Quelque part j'étais soulagé de me rendre enfin; de ne trouver plus d'autre issue que de lui appartenir. Cette fin en valait bien une autre, après tout.

" - Je ne vous aime pas. Je dis cela maintenant pour me rappeler de ce moment qui est sur le point de disparaitre.

Que vous m'aimiez j'en mourrai, que vous me détestiez, j'en mourrai. "

Un court instant, elle m'a toisé d'un regard moqueur. Puis elle a levé son menton avec un intérêt d'oiseau de proie. Je n'ai rien lu dans ses yeux, je n'ai rien lu sur ses lèvres. Elle voulut bien de moi à ses côtés.

Elle me prit à son service comme secrétaire personnel.

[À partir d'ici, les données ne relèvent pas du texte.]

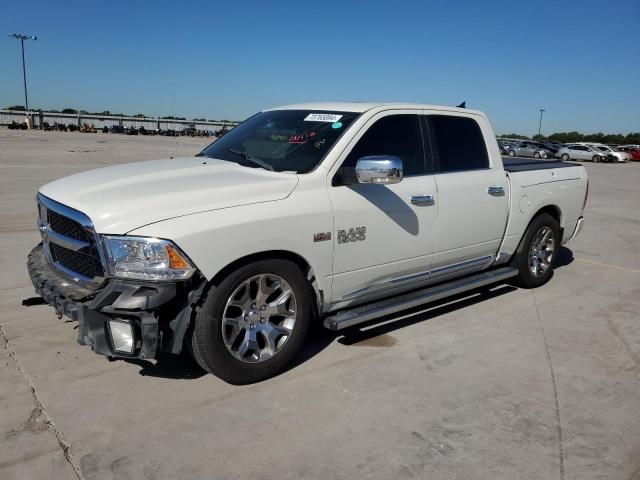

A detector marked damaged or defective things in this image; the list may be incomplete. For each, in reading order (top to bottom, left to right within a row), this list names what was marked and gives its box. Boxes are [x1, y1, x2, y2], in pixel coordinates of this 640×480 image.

damaged front bumper [26, 246, 202, 358]
front end damage [28, 244, 205, 360]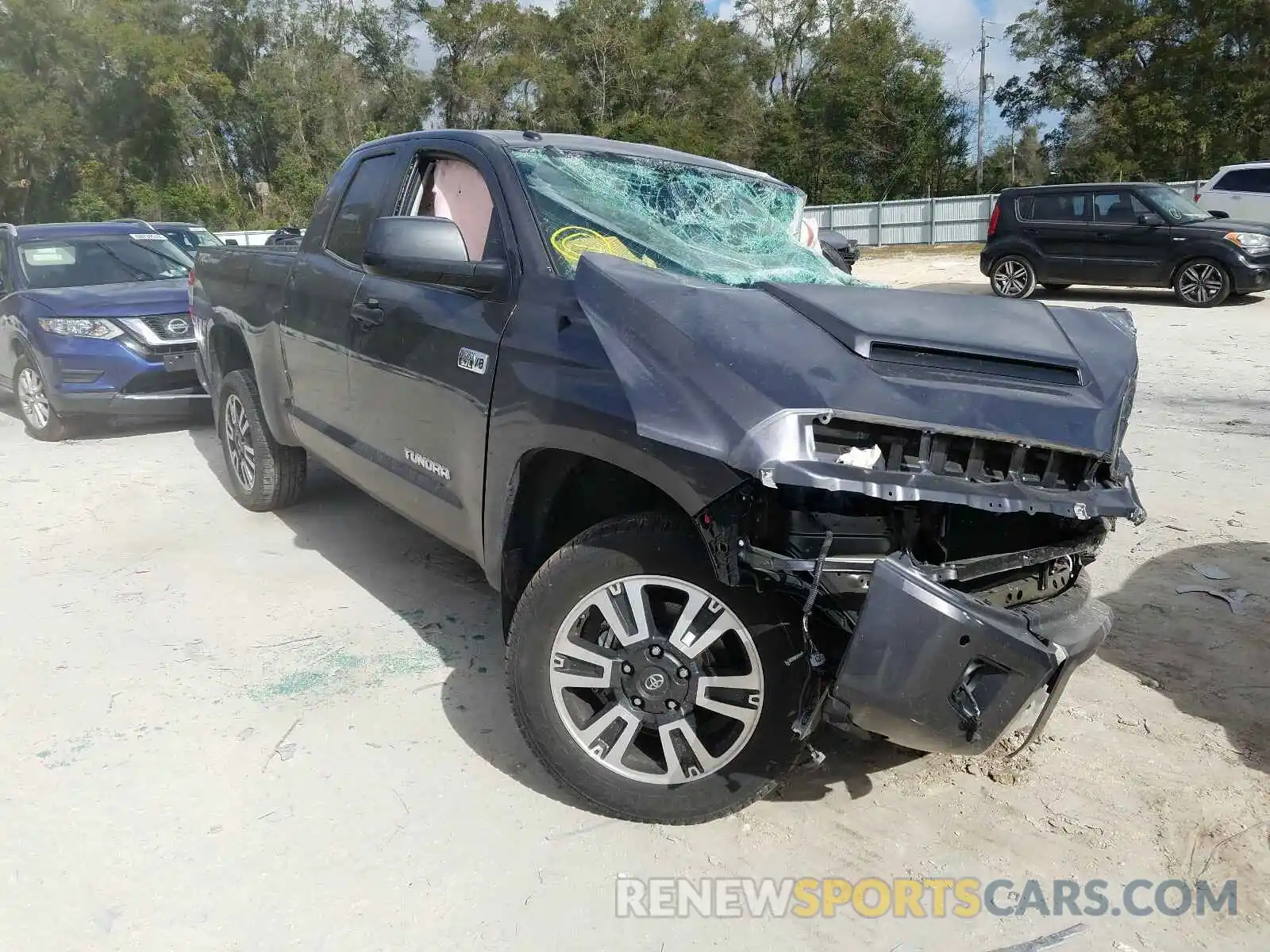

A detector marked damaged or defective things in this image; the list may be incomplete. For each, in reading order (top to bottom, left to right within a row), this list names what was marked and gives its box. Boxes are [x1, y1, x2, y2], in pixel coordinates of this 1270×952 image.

crumpled hood [21, 278, 187, 318]
shattered windshield [510, 145, 858, 286]
cracked green glass windshield [508, 147, 864, 289]
crumpled hood [576, 254, 1143, 470]
damaged gray pickup truck [190, 130, 1153, 822]
detached bumper piece [822, 559, 1112, 751]
missing front bumper [822, 559, 1112, 751]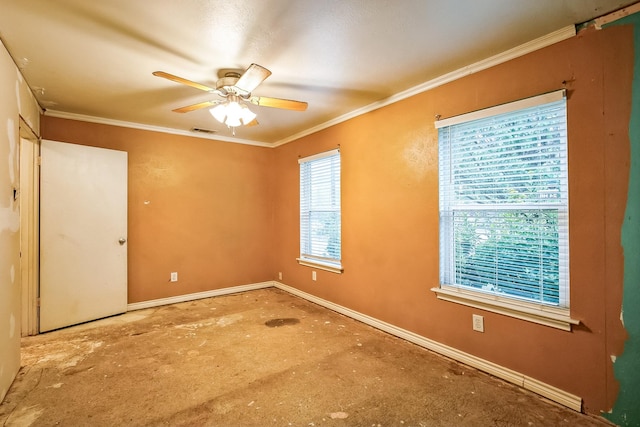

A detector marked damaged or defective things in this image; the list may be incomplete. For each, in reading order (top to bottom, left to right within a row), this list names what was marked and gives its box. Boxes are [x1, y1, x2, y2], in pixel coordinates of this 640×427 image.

peeling paint on wall [604, 10, 640, 427]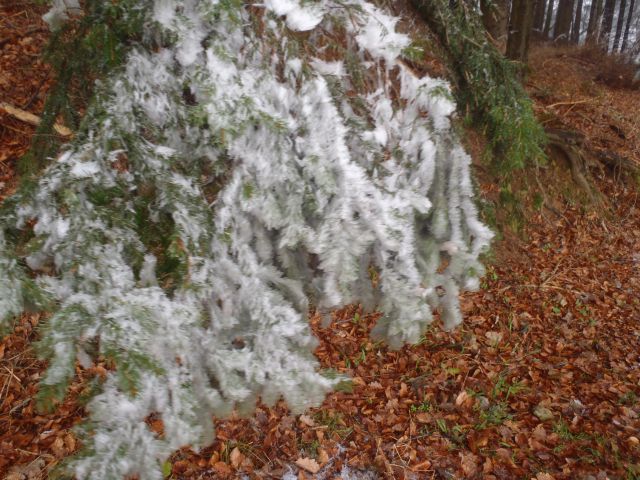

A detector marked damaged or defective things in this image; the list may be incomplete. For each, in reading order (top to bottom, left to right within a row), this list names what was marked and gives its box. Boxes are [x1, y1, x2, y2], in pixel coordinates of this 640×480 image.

small broken stick [0, 101, 72, 138]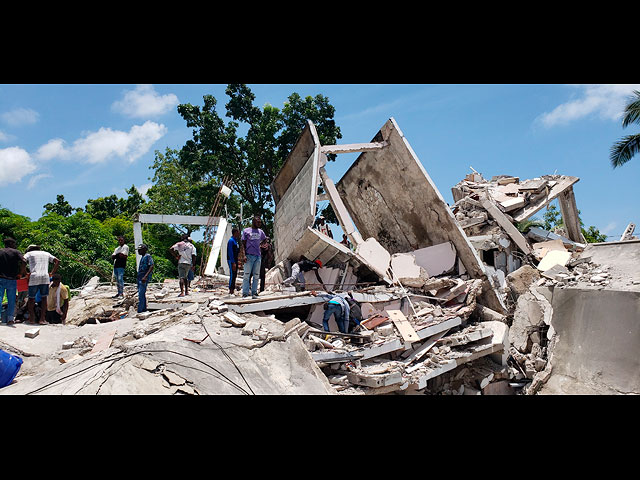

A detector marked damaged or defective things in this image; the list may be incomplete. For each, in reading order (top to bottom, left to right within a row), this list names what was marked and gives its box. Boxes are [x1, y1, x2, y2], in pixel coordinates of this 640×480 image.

damaged facade [2, 116, 636, 394]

Elle prétendit auprès de ses amis qu'une faiblesse grandissante justifiait ma présence constante auprès d'elle. Aucuns ne trouvèrent à douter de ses explications.

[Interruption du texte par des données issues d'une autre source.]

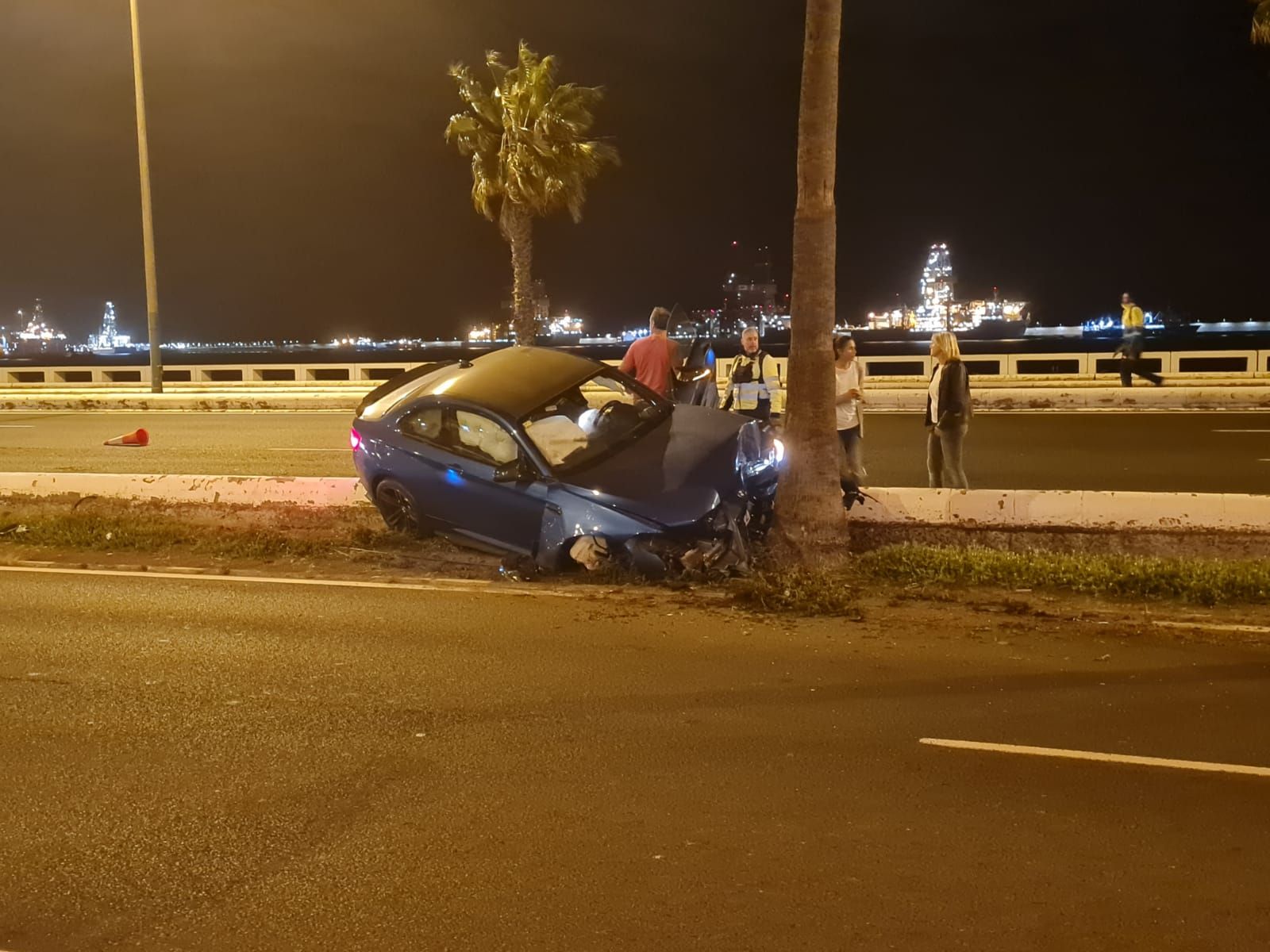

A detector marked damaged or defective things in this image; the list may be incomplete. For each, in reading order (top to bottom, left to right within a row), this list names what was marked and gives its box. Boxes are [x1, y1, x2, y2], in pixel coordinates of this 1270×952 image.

blue crashed car [349, 347, 784, 571]
crumpled front hood [562, 405, 749, 527]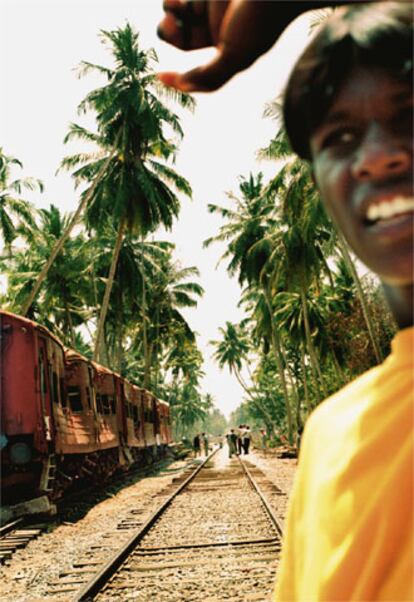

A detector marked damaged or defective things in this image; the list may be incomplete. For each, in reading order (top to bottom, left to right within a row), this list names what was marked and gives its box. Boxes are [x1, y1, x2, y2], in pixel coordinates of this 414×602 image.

rusty train car [0, 312, 171, 504]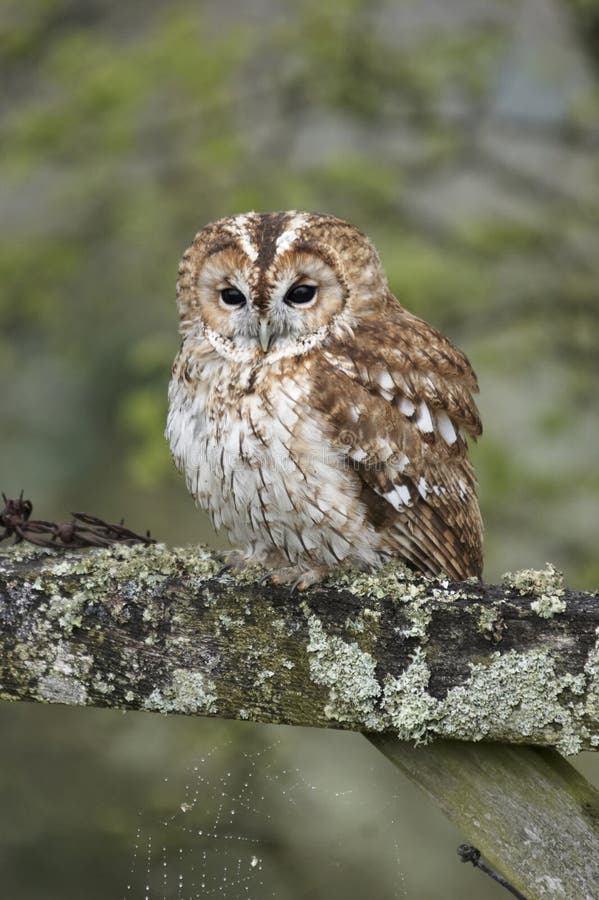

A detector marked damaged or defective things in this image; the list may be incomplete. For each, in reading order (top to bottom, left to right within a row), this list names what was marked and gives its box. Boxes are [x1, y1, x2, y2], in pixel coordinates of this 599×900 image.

rusty wire [0, 492, 157, 548]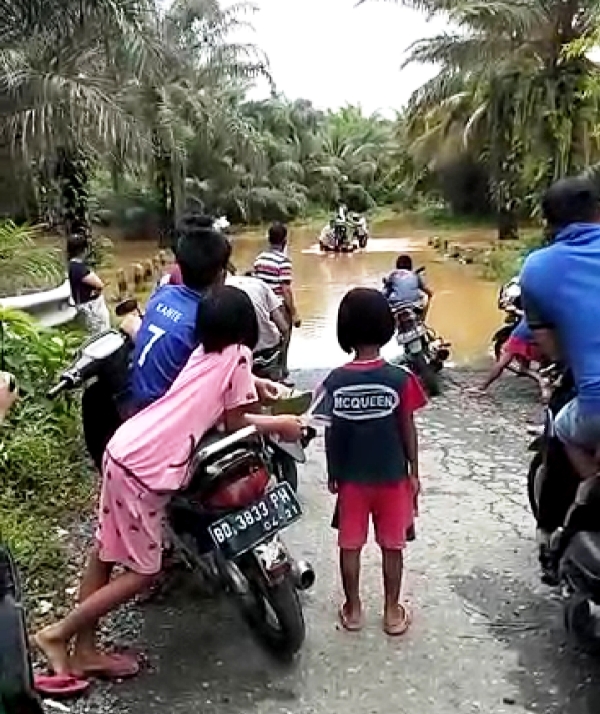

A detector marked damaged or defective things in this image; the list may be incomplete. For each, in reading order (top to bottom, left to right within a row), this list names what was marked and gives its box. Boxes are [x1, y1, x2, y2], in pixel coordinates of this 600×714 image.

cracked asphalt road [72, 372, 600, 712]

Je m'étais donc installé dès le lendemain de notre rencontre, au 104 de la rue rosière dans le 14e arrondissement de Paris. Elle n'avait pas de chambre d'ami et je n'eus pas d'espace à moi. Je fis parti du sien. Je vivais au milieu de ses allers et venues dans l'appartement, au rythme de ses réveils et de son coucher.

Oui. Chaque journée était différente, mais chaque nuit la même; lorsqu'elle apparaissait en peignoir de soie gris perle, quelques instants avant que je n'éteigne la petite lampe du salon où je dormais. Elle venait prendre le journal et repartait sans un mot. Chaque soir.

*****
Il est 18h :

" - Dis-moi que tu m'aimes. Non, non... dis moi...  combien et comment tu m'aimes.

- Je ne connais plus aucun répit de l'amour depuis que je vous ai rencontrée. Il me traque sans cesse, du matin jusque dans mon sommeil. Vous êtes tour à tour ma joie et mon inquiétude. Je vous aime tant, que j'ai oublié qui j'étais. Qui vous aime.

Dans le silence, alors qu'elle regarde le dos de sa main entre deux soupirs, il continue :

- Il n'y a que votre personne et votre beauté qui puissent égaler l'amour qu'il suscite. Devant lui, et devant vous, par extension, je me sens laid. Cette laideur et comme une tâche qui grandit chaque jour. Cela me fait souffrir. Car chaque jour j'ai plus envie encore de vous épargner la vue de ce monstre hideux qui prend forme. Je voudrais me cacher, sans vous perdre, mais comment faire ?  Ce tourment me donne le sentiment d'être un impie, un égocentrique, un ingrat, devant un soleil qui resplendit chaque matin plus encore. Et devant...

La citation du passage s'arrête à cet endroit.